But my point is this: In addition to being a pathetic medical weenie, I was a complete moron. For more than a decade I avoided getting a procedure that was, essentially, nothing. There was no pain and, except for the MoviPrep, no discomfort. I was risking my life for nothing.

If my brother Sam had been as stupid as I was -- if, when he turned 50, he had ignored all the medical advice and avoided getting screened -- he still would have had cancer. He just wouldn't have known. And by the time he did know -- by the time he felt symptoms -- his situation would have been much, much more serious. But because he was a grown-up, the doctors caught the cancer early, and they operated and took it out.

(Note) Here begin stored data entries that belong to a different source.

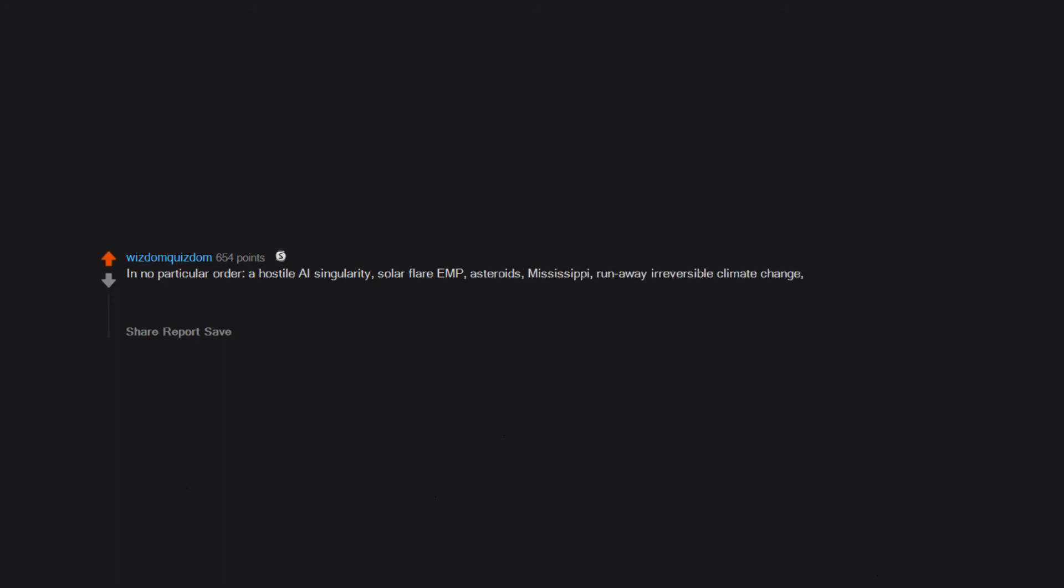In no particular order: a hostile AI singularity, solar flare EMP, asteroids, Mississippi, runaway irreversible climate change, global economic hyperinflation, the Malthusian trap, and thermonuclear war. Oh, and social collapse to the extent that our nuclear reactors can't be safely maintained.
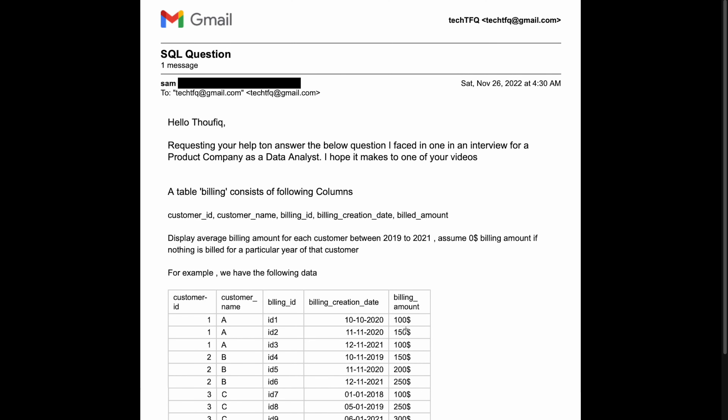Hey everyone, welcome back. A few days back I received this email shared to me by Sambeet. He basically gave an interview for a data analyst role in a product-based company and this was the problem that was asked to him. In this video let's try to understand this problem statement and then try to solve it.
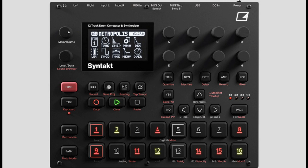Electron announces Syntact, a 12-track drum computer and synthesizer. Welcome to Music Gears, where we bring you the latest info on new music instruments, software, and other gear from around the world.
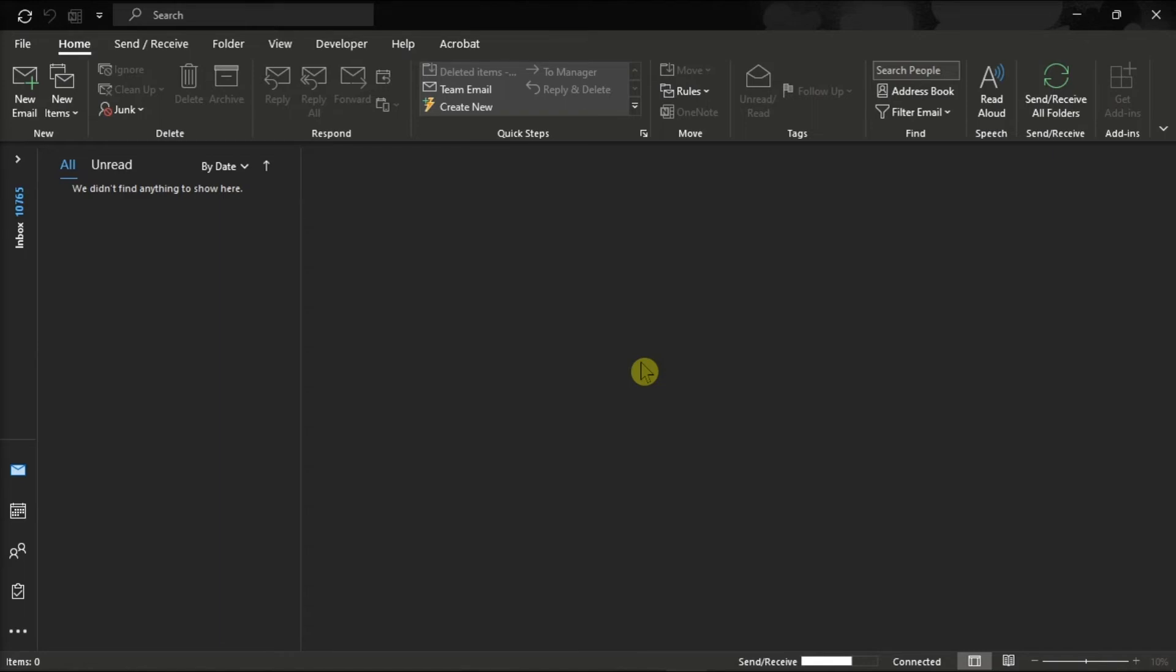Now this will also reset the folder assignments to default folders for the account, and it will also recreate any missing folders.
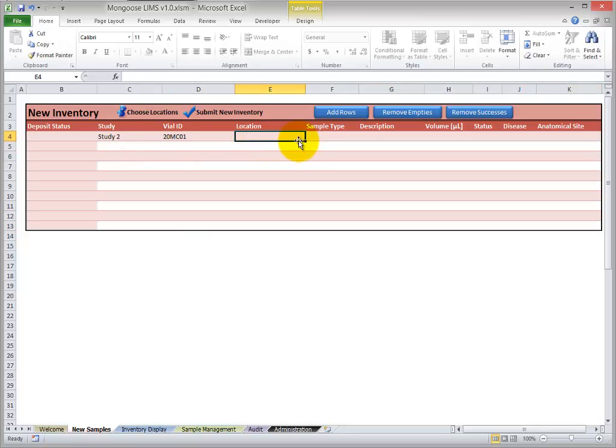For the location, you need to specify the freezer, the shelf, the rack, the box, and the cell into which you'd like the new samples to be placed.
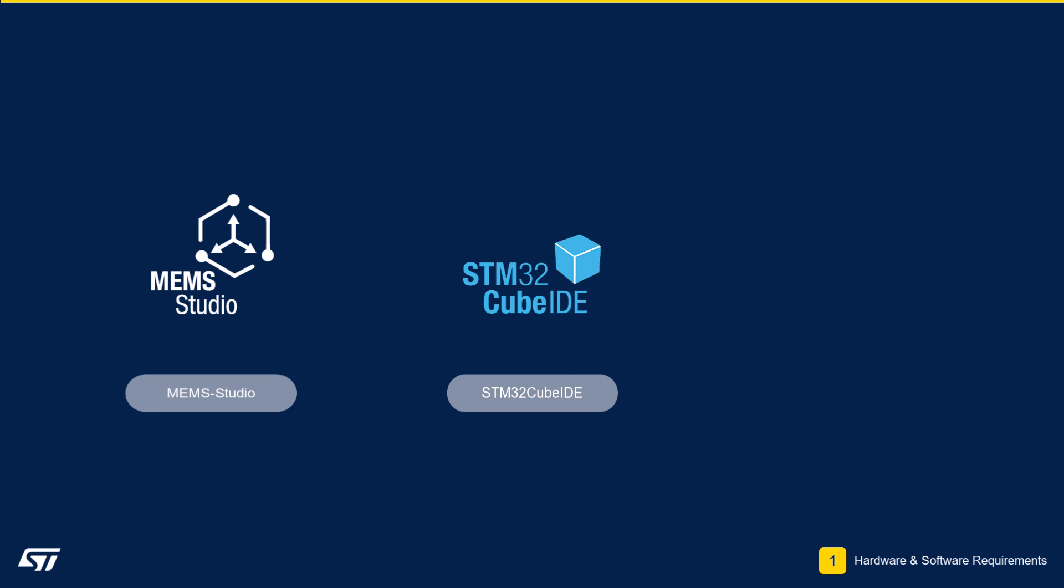STM32Cube IDE is an integrated development environment based on Eclipse. It includes a text editor, a GCC compiler, and a GDB debugger. The STM32Cube Programmer application will be used to update the firmware stored in flash memory.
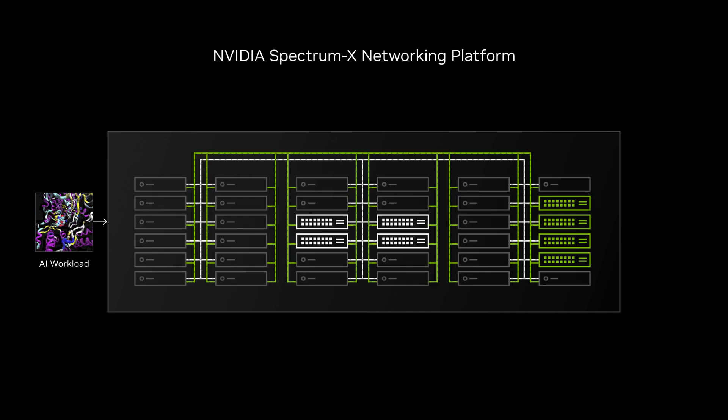The NVIDIA Spectrum X networking platform is the world's first Ethernet fabric built specifically for AI workloads, delivering AI cluster performance up to double that of traditional Ethernet.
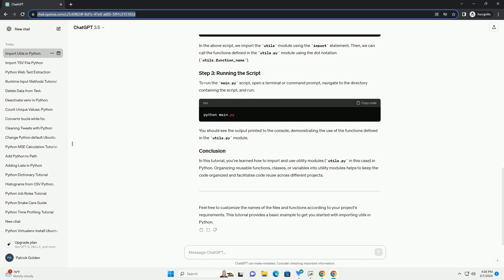Here's how you import and use the utils module. In the above script, we import the utils module using the import statement. Then, we can call the functions defined in the utils.py module using the dot notation, utils.function_name.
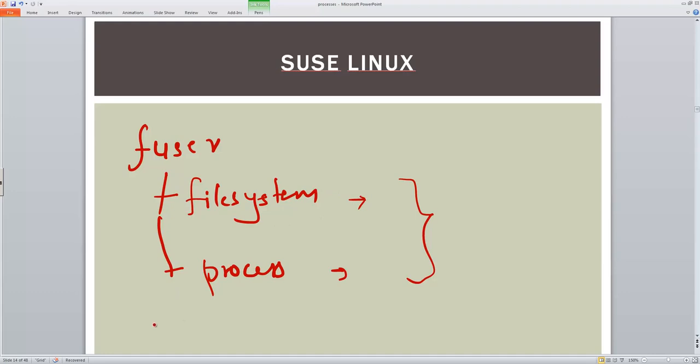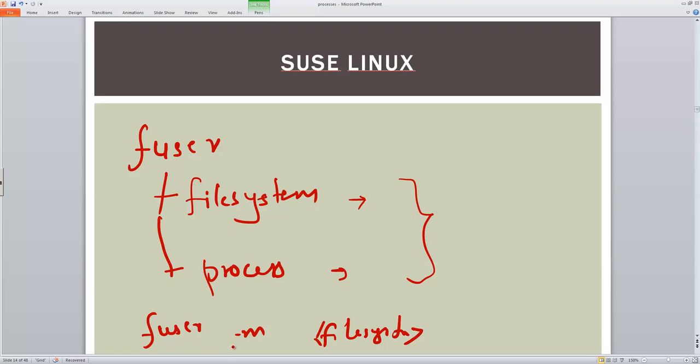There are different variations of this command. Just to see these files, you can use fuser -m and the file system name. If you want to kill it, you can run with -mk option - k will kill it, so just be aware. You can use the -v option as well to get it in verbose mode.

Sam is now recovering and eating what he describes as ''really, really boring food.'' His prognosis is good, and everybody is optimistic, fingers crossed, knock on wood, and all that.

Which brings us to you, Mr. or Mrs. or Miss or Ms. Over-50-And-Hasn't-Had-a-Colonoscopy. Here's the deal: You either have colo-rectal cancer, or you don't. If you do, a colonoscopy will enable doctors to find it and do something about it. And if you don't have cancer, believe me, it's very reassuring to know you don't. There is no sane reason for you not to have it done.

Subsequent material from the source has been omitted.